Zones of Tayler Instability in Stars

TL;DR

This paper develops an analytical criterion for the Tayler instability in stars, incorporating thermal and compositional stratification, and implements it in stellar evolution models to better understand angular momentum transport.

Contribution

It extends the linear stability analysis of the Tayler instability to include both thermal and compositional stratification, providing a practical toggle switch for stellar evolution codes.

Findings

TI suppressed in lower mass stars' hydrogen shell

TI active in higher mass stars' radiative zones

Different wavenumber activity than previously expected

Abstract

The Tayler instability (TI) of toroidal magnetic fields is a candidate mechanism for driving turbulence, angular momentum (AM) transport, and dynamo action in stellar radiative zones.

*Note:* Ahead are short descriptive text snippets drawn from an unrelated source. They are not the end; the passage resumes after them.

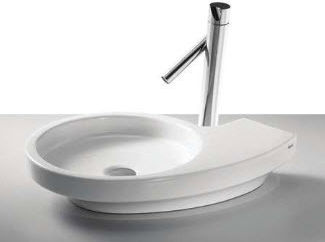 Roca Urbi Επικαθήμενος Νιπτήρας Πορσελάνης 58x40cm Λευκός Roca Urbi Επικαθήμενος Νιπτήρας Πορσελάνης 58x40cm Λευκός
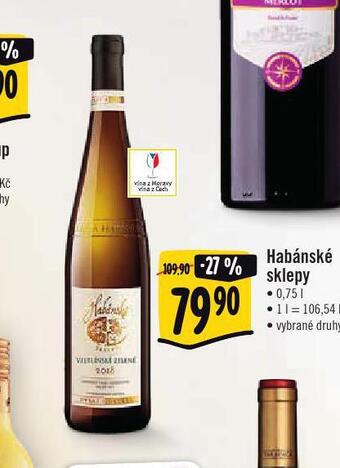 Jip Habánské sklepy nabídka
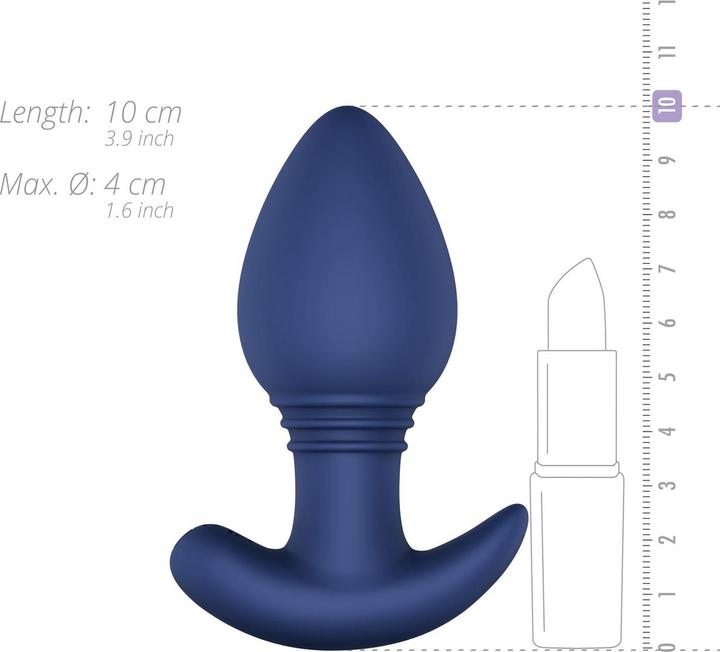 Actual product image Amorelie Move app-controlled anal plug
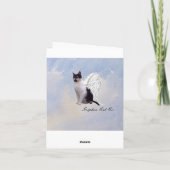 Pet Loss Sympathy Card voor Kat Kaart (Achterkant)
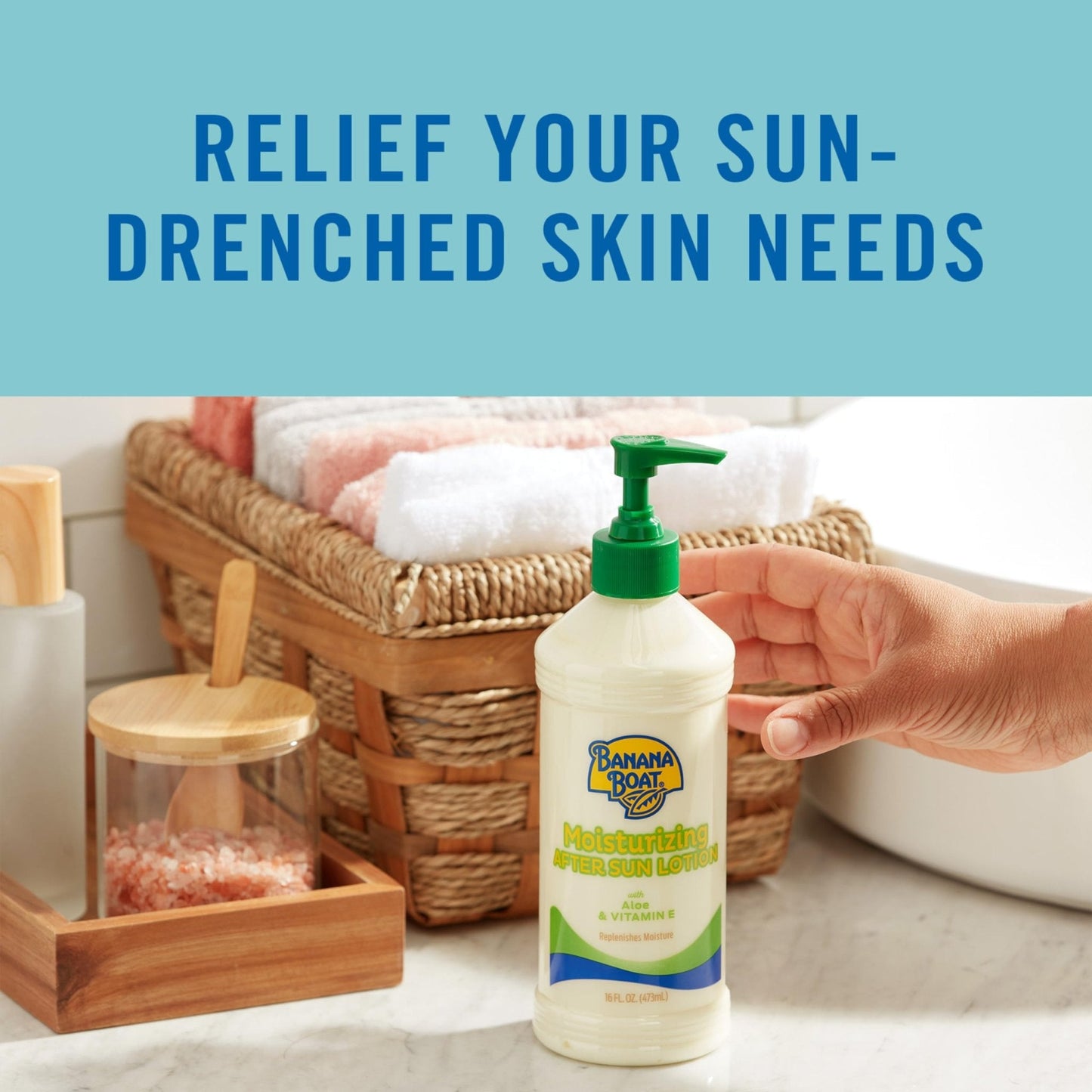 Banana Boat Moisturizing After Sun Lotion with Aloe and Vitamin E, 16Fl Oz, After Sun Care, Banana Boat After Sun Lotion, Sunburn Relief, 16Fl Oz - PrimeBioHealth - canada supplements
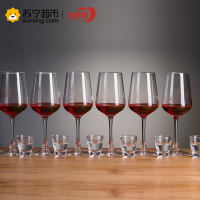 青苹果家用无铅玻璃红酒杯高脚杯创意白酒杯吞杯酒具套装
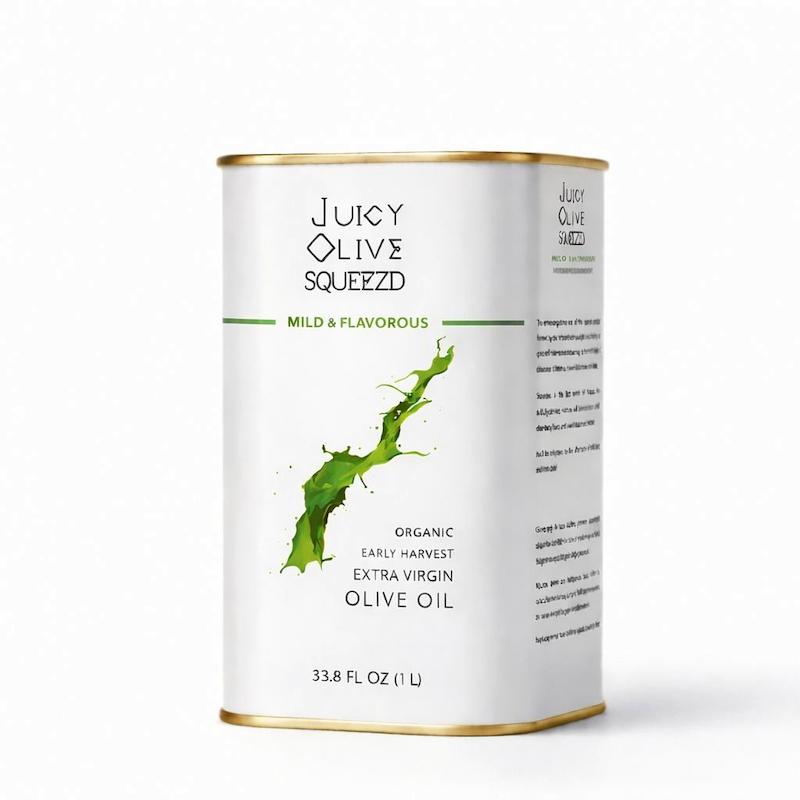 🟢روغن زیتون فرابکر‌ یک لیتری لاین سبز -Fruity & Full-Bodied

Recently \cite{Skoutnev_2024} revisited the linear stability analysis of a toroidal magnetic field in a rotating and stably stratified fluid. In this paper, we extend the analysis to include both thermal and compositional stratification, allowing for general application to stars. We formulate an analytical instability criterion for use as a ``toggle switch" in stellar evolution codes. It determines when and where in a star the TI develops with a canonical growth rate as assumed in existing prescriptions for AM transport based on Tayler-Spruit dynamo. We implement such a ``toggle switch" in the MESA stellar evolution code and map out the stability of each mode of the TI on a grid of stellar evolution models. In evolved lower mass stars, the TI becomes suppressed in the compositionally stratified layer around the hydrogen burning shell. In higher mass stars, the TI can be active throughout their radiative zones, but at different wavenumbers than previously expected.